La question centrale dans l’affaire Missouri et al. v. Biden et al. est de savoir si l’administration Biden a violé le premier amendement lorsqu’elle a fait pression sur les entreprises de médias sociaux pour qu’elles retirent ou suppriment des contenus qui allaient à l’encontre des récits officiels sur le Covid-19, les vaccins et d’autres contenus avec lesquels le gouvernement n’était pas d’accord.

Les plaignants dans cette affaire sont Jay Bhattacharya, M.D., Ph.D.et Martin Kulldorff, Ph.D.qui a co-rédigé « la Déclaration de Great Barrington »,Jim Hoft, qui dirige le site web The Gateway Pundit, le Dr. Aaron Kheriaty, senior scholar à l’Institut Brownstone, et Jill Hines, co-directrice de Health Freedom Louisiana (Liberté dans la santé Louisiane), ainsi que les procureurs généraux du Missouri et de la Louisiane.

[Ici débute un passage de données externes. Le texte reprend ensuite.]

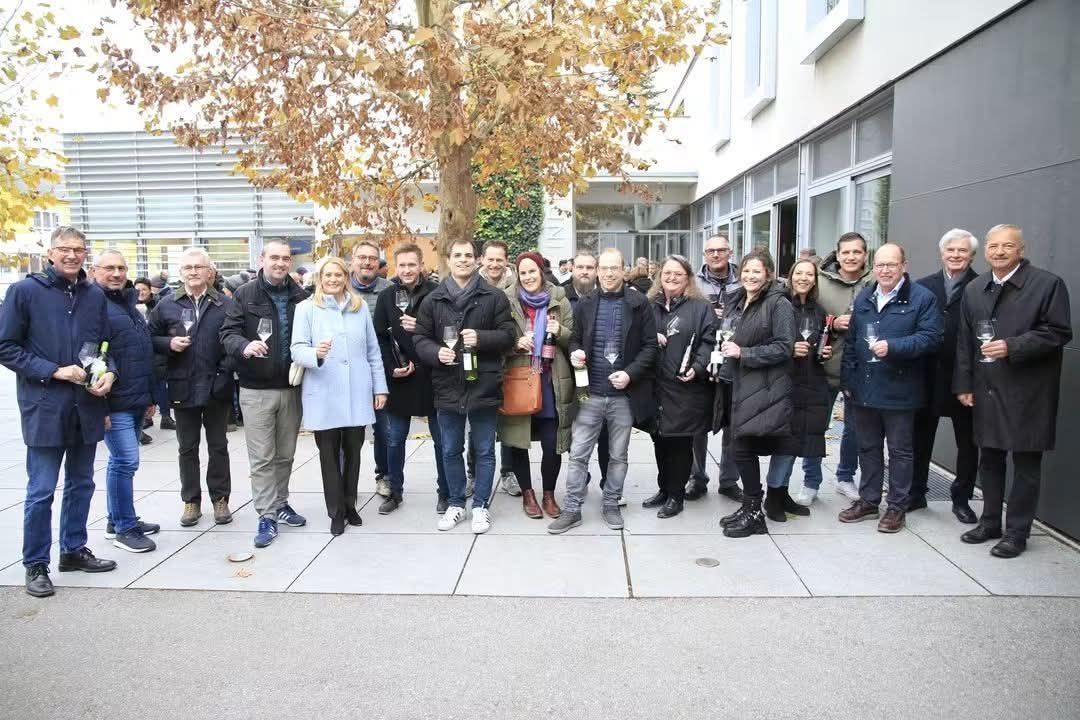 A group of people stands outside in winter clothing, holding wine glasses and bottles, with a tree and building in the background.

Il s’agit de l’une des nombreuses actions en justice en cours devant les tribunaux fédéraux, selon lesquelles la Maison Blanche et les membres de l’administration Biden ont fait pression sur les plateformes de médias sociaux pour qu’elles suppriment les discours qui n’étaient pas conformes aux politiques de l’establishment concernant le Covid-19, les vaccins et d’autres questions liées à la politique.

Il s’agit notamment d’affaires contre le Texas et la Floride, pour l’adoption de lois contre la censure, l’affaire Kennedy et al. contre Biden et al. pour censure, qui a été consolidée avec Missouri et al. contre Biden et al. en juillet, et Kennedy contre Google et al., qui accuseYouTube d’avoir censuré le contenu relatif au vaccin Covid-19 publié par Robert F. Kennedy Jr, président du CHD en congé, et le CHD est codemandeur dans cette affaire.

En 2021, CHD a déposé une plainte historique en Californie contre Facebook. S’appuyant sur les arguments avancés pour la première fois par Jed Rubenfeld, professeur de droit à Yale, qui représente CHD et Kennedy dans ces affaires, CHD a soutenu que l’implication du gouvernement fédéral dans la censure par Facebook du discours lié au Covid-19 transformait cette censure en une action de l’État violant le premier amendement. Cette affaire est toujours pendante devant le 9e circuit et n’a toujours pas été tranchée à ce jour.

La décision rendue la semaine dernière par le cinquième circuit a confirmé une demande presque identique. Le fait que la décision soit maintenant en appel devant la Cour suprême des États-Unis a des implications “potentiellement historiques”, a déclaré Mme Rubenfeld au Defender.

“L’utilisation par le gouvernement des plateformes de médias sociaux pour censurer la parole est la menace la plus grave de notre époque pour le premier amendement”, a déclaré Mme Rubenfeld. “La Cour a la possibilité de mettre fin à cette violation massive de la liberté d’expression, et si elle le fait, les effets seront profonds dans tout le pays et dans tout le système juridique.